The new WER was achieved through the use of Switchboard. According to the blog, “Switchboard is a corpus of recorded telephone conversations that the speech research community has used for more than 20 years to benchmark speech recognition systems.”
Using Switchboard, speech recognition systems are tasked with transcribing conversations about topics such as politics or sports, for example. While Microsoft’s 5.9% rate was originally touted as human parity, researchers said that the 5.1% number is actually a better representation of human parity.
Microsoft’s speech recognition capabilities are based on neural networks, and other artificial intelligence (AI) technologies. The research team was able to improve its capabilities by adding a CNN-BLSTM (convolutional neural network combined with bidirectional long-short-term memory) to boost its acoustic modeling. The team also added predictions from other models at different levels.
“Moreover, we strengthened the recognizer’s language model by using the entire history of a dialog session to predict what is likely to come next, effectively allowing the model to adapt to the topic and local context of a conversation,” the post said.

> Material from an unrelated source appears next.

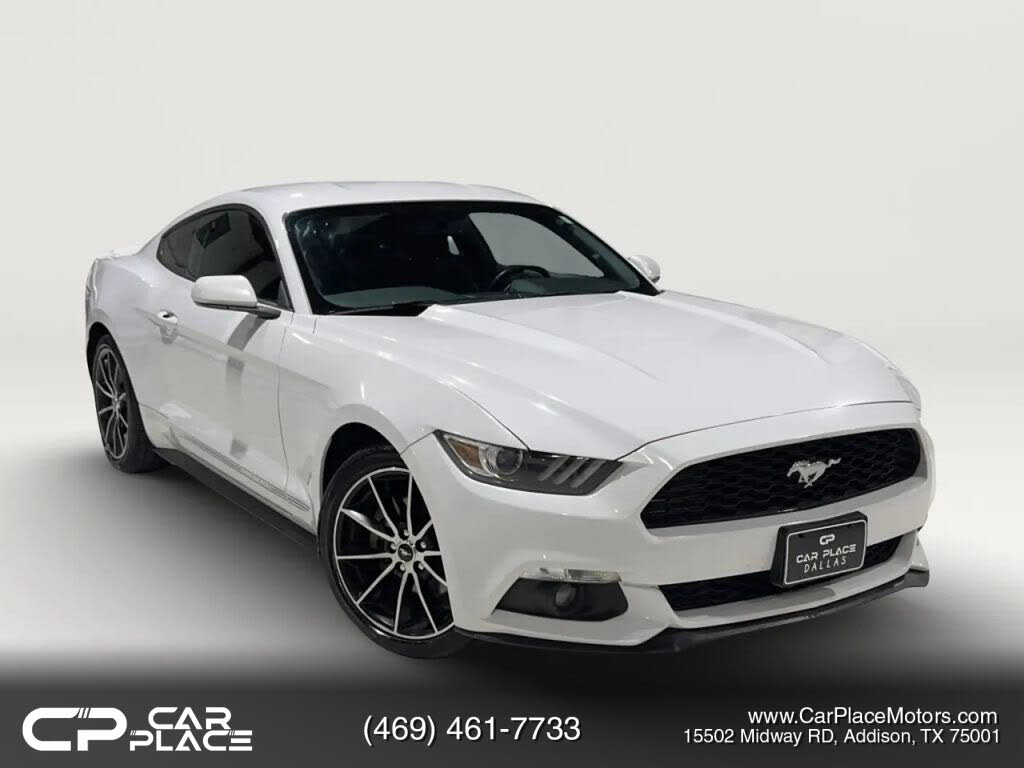 2016 Ford Mustang EcoBoost Coupe RWD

Additional technologies like the Microsoft Cognitive Toolkit 2.1 (CNTK) and Azure GPUs helped explore architectural differences and improve the speed of the models themselves.
Despite the new levels of WER, Microsoft noted in the post that there are still many challenges to address with speech recognition. For starters, systems need to be able to recognize words in noisy areas, or from mics that are far away. They also need to work on systems that can account for accents and styles of speech, while also teaching the machines to understand the meaning of the words they’re transcribing.

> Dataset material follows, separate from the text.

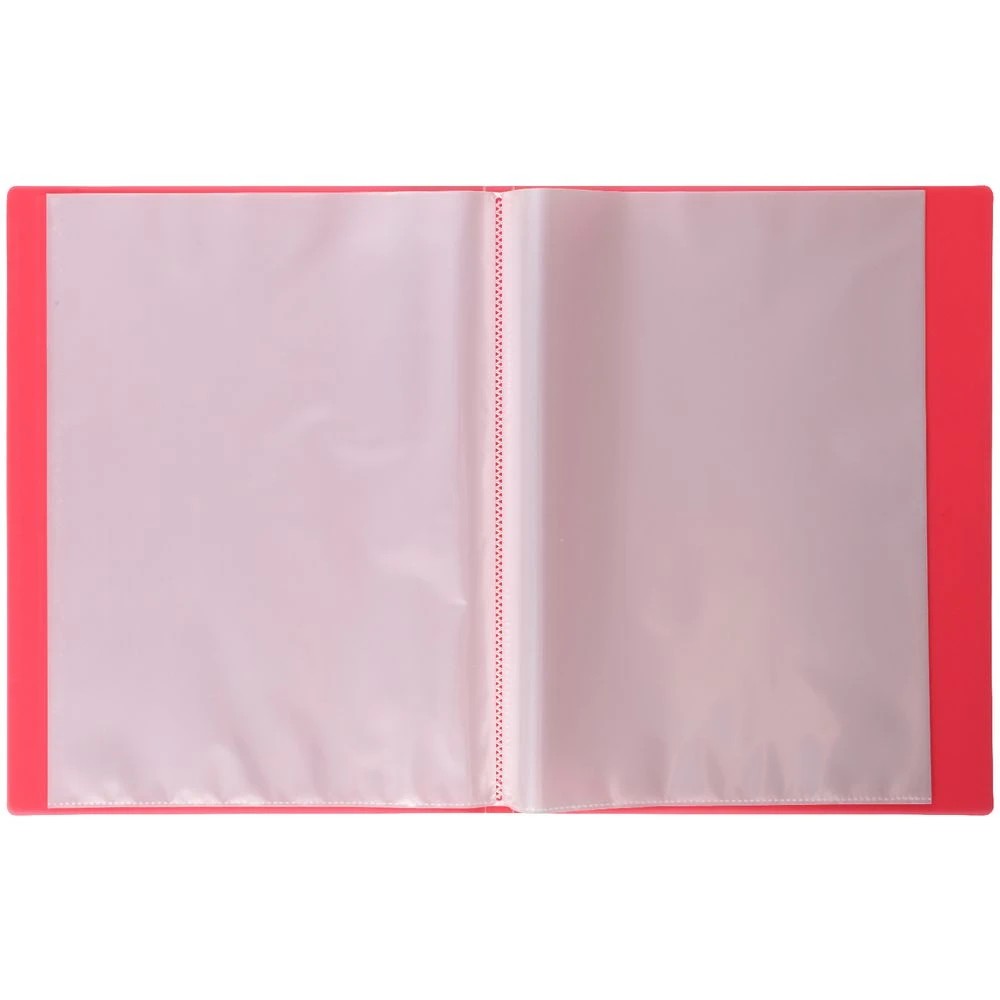 3 J.Burrows Ice Display Book 20 Pocket Red, 3 of 4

The improvements to Microsoft’s speech recognition tech will go far to improve Cortana, its digital assistant, as well as other tools. For example, the Universal Translator, which works to translate face-to-face conversations in real time, could also benefit.
More information on Microsoft’s speech recognition technology can be found in this technical report.
The 3 big takeaways for TechRepublic readers
- Microsoft recently achieved a 5.1% word error rate for its speech recognition, a new record for its neural network-based technology.
- Microsoft used the Switchboard library of conversations to train its speech recognition system and achieve human parity.
- Challenges persist in speech recognition, such as understanding accents or speaking styles, and having machines understand the words they’re translating.